Following this, Figure 1 shows the effects of climate variability on rural areas, as well as on adaptation and mitigation policies. As can be seen, the effects of climate variability on the economy are described through different channels. In the first line at the top of the figure, GHG emissions (in pink) are shown to produce extreme events and are essential drivers of climate variability (e.g., rising temperatures and changes in rainfall patterns). Consequently, there are direct and indirect effects on the economy.
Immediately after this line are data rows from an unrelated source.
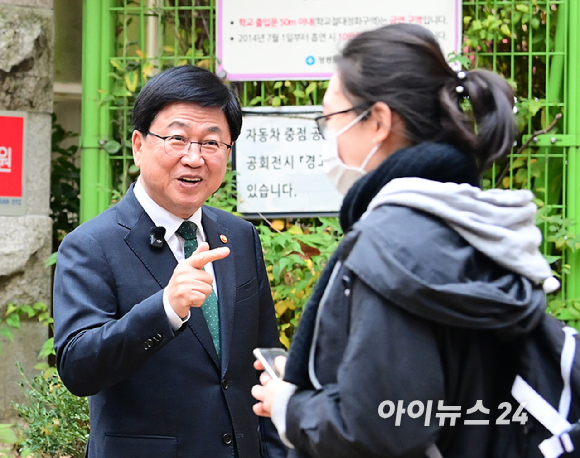 2026학년도 대학수학능력시험(수능) 일인 13일 서울 여의도여고 앞에서 최교진 교육부 장관이 수험생들을 응원하고 있다. [사진=정소희 기자]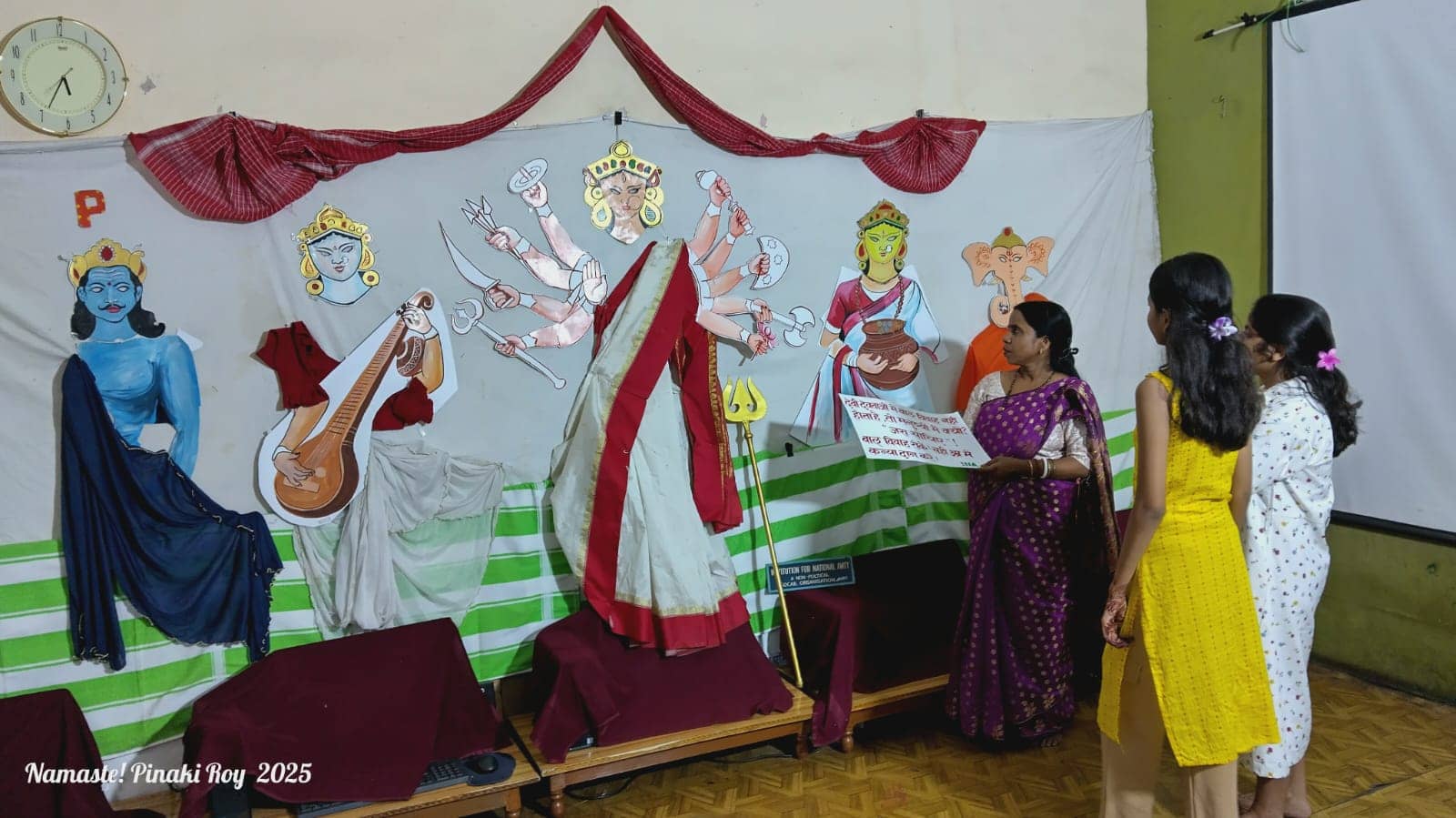 2025 के पूजा पंडालों में सन्देश भी : झरिया में 'बाल विवाह रोकने' का सन्देश कैसे दे रही सामाजिक संस्था, पढ़िए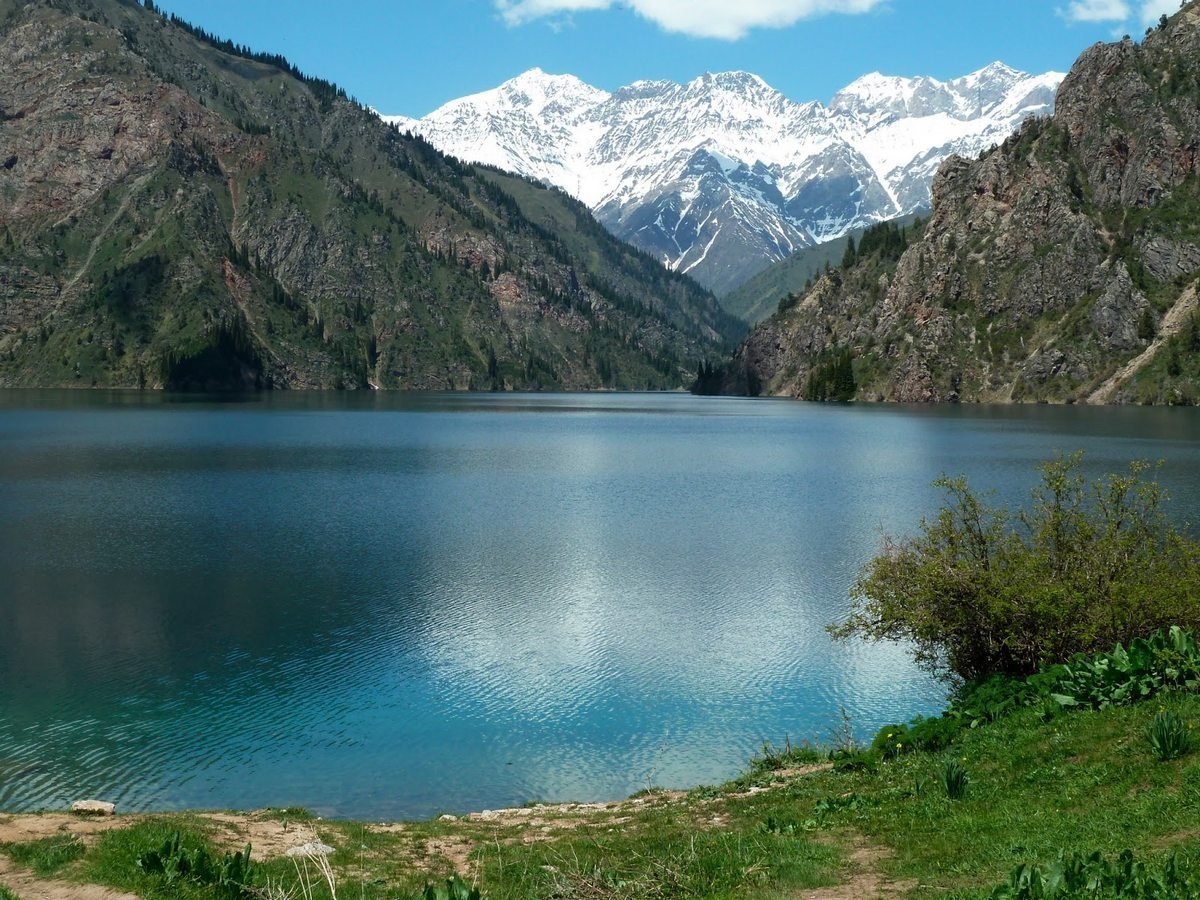 Озеро Сары-Челек Киргизия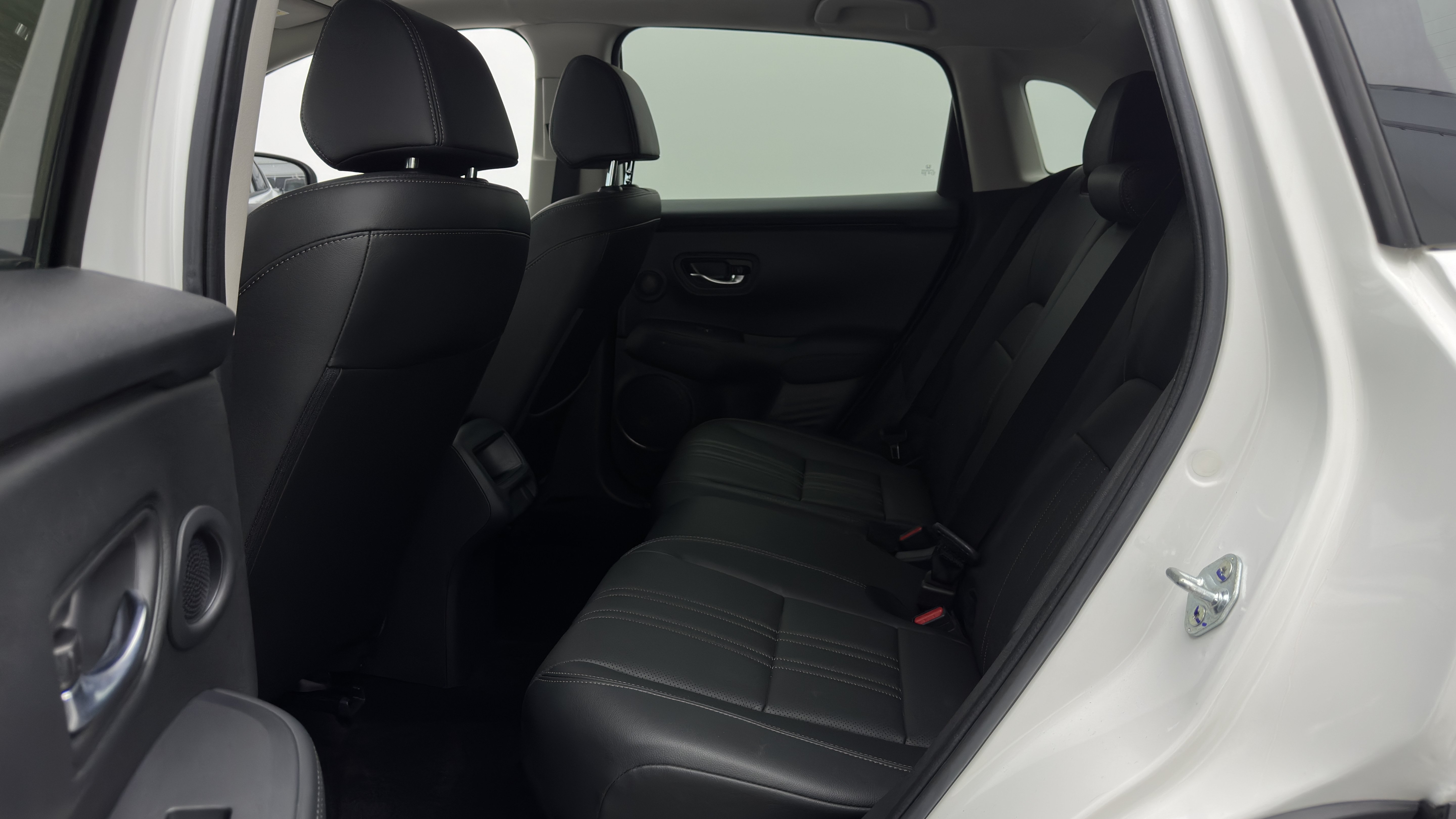 Used 2025 Honda HR-V EX-L image 26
Among the direct effects, the second line of the figure displays the loss of biodiversity, soil degradation, and the reduction in agricultural productivity. This translates into a decrease in agricultural productivity (e.g., lower yields and more vulnerable ecosystems) and water resources. As indirect effects, the third line of the figure shows economic inequality and migration from rural to urban areas, which feedback into each other between direct and indirect aspects. This is why, as indicated in the fourth line, adaptation and mitigation policies are necessary, including the use of efficient and renewable energies, and improvements to agricultural infrastructure and irrigation systems. To generate these policies, it is necessary to assess well-being in rural areas, integrate sustainable practices in agriculture and the energy sector, and generate new employment opportunities in green technologies. To that end, it is important to measure the effect of climate variability on the relationship between growth and unemployment in rural areas, which are the components most affected by this phenomenon.

4. Data and Methodology

This section describes the methodology for the spatial estimation of the elasticities of Okun’s Law in rural areas of Brazil and Mexico. The first step was to consolidate and organize the data, structuring the information on a quarterly basis from Q3 2012 to Q4 2024. To this end, we built two databases: one related to labor market dynamics in rural areas of Brazil and Mexico, and the other focused on climatic variables, including changes in temperature and milliliter levels of rainfall.

4.1. Data

The dependent variable in this study was the logarithm of the number of unemployed people in rural areas by subnational entity ($U_{it}$), constructed from official household surveys. For Brazil, data were obtained from the Pesquisa Nacional por Amostra de Domicílios Contínua (PNADc) provided by the Instituto Brasileiro de Geografia e Estatística (IBGE). For Mexico, data came from the Encuesta Nacional de Ocupación y Empleo (ENOE) published by the Instituto Nacional de Estadística y Geografía (INEGI). In both cases, we used the official definitions of unemployment harmonized across years and adjusted to focus only on rural populations, following the rural/urban classifications established by each country.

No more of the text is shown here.